This year wasn’t nearly so good. It started with a flurry of three sales that came literally within a few days of each other, to Daily Science Fiction, GigaNotoSaurus, and the anthology We See A Different Frontier. Then I had eight months of nothing, followed by a sale to Beneath Ceaseless Skies. And, just yesterday, I got notice that I’d sold a flash fiction piece to a small chapbook.
That makes five sales, and four at pro* rates. Certainly not shabby, but worse than my seven pro sales in 2012 and five in 2011. Of course, I wrote fewer stories this year, but, since most of the stories that I submit during any given year are ones written during the previous year, I am not sure this made a big difference.
I can’t really say what happened. Perhaps I’ve temporarily gotten worse (which sometimes happens, when you’re processing new lessons). Perhaps the competition has gotten better. Perhaps I’ve started moving in a different direction and am no longer really producing the sort of stories that SF magazines are looking for. A person can drive themselves crazy trying to figure out why they are and why they aren’t selling.
Anyway, one outcome of this relative lack of success is that I’m making a decidedly stronger effort to submit to literary magazines. I currently have over 100 submissions out! And, of those, almost 80 are to various literary magazines. It’s both exciting and disconcerting to be starting at the beginning again. However, I’ve also recently started to write a few non-SF stories, and I’m interested to see how these’ll be received by the lit journals.

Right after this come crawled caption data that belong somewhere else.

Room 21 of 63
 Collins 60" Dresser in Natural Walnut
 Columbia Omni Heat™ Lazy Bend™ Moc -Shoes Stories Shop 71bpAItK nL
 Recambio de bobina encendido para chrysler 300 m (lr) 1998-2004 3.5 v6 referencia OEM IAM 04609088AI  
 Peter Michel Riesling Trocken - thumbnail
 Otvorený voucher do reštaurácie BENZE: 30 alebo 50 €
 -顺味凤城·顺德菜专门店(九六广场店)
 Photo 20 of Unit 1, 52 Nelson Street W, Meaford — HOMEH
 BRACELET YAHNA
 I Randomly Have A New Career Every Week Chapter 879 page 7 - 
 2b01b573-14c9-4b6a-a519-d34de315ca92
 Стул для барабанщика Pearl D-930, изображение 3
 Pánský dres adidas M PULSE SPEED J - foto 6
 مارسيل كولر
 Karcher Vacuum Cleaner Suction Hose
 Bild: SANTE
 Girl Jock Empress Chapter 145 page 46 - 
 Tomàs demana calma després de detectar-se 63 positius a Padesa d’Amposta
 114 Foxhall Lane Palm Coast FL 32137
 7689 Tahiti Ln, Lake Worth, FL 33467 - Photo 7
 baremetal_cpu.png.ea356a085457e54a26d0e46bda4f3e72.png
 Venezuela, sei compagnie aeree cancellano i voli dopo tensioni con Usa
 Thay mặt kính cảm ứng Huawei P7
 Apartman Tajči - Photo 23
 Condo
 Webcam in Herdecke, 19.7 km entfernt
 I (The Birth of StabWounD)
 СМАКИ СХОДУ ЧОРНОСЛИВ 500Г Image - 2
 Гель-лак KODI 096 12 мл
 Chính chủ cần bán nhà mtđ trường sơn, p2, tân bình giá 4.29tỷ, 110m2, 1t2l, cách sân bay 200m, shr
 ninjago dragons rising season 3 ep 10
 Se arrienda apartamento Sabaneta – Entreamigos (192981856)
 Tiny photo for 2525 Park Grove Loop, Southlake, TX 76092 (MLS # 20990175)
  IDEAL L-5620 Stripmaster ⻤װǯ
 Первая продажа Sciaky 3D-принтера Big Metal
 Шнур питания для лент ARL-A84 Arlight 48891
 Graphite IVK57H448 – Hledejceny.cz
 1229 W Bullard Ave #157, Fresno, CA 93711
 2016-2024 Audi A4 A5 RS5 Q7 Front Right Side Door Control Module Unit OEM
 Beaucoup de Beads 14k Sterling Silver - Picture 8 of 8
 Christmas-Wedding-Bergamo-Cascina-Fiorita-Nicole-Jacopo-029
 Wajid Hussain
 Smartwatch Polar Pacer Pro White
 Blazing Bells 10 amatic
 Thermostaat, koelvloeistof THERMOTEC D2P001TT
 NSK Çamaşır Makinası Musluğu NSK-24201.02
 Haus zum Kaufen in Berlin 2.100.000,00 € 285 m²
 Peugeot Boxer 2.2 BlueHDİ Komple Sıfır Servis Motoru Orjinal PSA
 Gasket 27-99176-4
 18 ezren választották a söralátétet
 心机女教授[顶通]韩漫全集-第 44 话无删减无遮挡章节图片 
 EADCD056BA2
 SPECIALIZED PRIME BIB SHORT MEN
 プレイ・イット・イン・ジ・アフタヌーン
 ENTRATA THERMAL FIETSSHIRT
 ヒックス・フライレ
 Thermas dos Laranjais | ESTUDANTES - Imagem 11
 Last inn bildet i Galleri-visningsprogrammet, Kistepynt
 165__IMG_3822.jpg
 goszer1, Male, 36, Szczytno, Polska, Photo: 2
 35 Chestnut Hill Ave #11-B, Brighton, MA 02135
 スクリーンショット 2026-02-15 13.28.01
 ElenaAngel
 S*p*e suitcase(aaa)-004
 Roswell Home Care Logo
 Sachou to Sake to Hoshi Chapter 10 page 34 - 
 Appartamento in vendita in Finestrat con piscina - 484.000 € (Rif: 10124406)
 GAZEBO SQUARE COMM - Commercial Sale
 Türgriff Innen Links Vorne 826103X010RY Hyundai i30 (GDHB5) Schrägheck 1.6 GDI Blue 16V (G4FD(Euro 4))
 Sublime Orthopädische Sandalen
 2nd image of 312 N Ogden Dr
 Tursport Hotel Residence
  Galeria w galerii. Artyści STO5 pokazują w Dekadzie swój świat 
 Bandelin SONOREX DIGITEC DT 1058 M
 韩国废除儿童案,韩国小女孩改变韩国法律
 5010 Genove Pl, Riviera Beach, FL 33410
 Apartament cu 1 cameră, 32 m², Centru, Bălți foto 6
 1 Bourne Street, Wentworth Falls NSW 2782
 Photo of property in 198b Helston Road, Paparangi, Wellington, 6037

I’ve made it my goal to sell a story (although literary writers usually say “place” a story, since even many respectable publications don’t pay) to at least one magazine with “Review” in its name =]
*Currently, I call 5 cents per word the “pro” rate for no better reason than that this was the rate decided upon by the SFWA. Since they’ve changed their standards, I’ll do the same. From 2014 on, 6 cents per word will be what I mean when I say “pro” rates.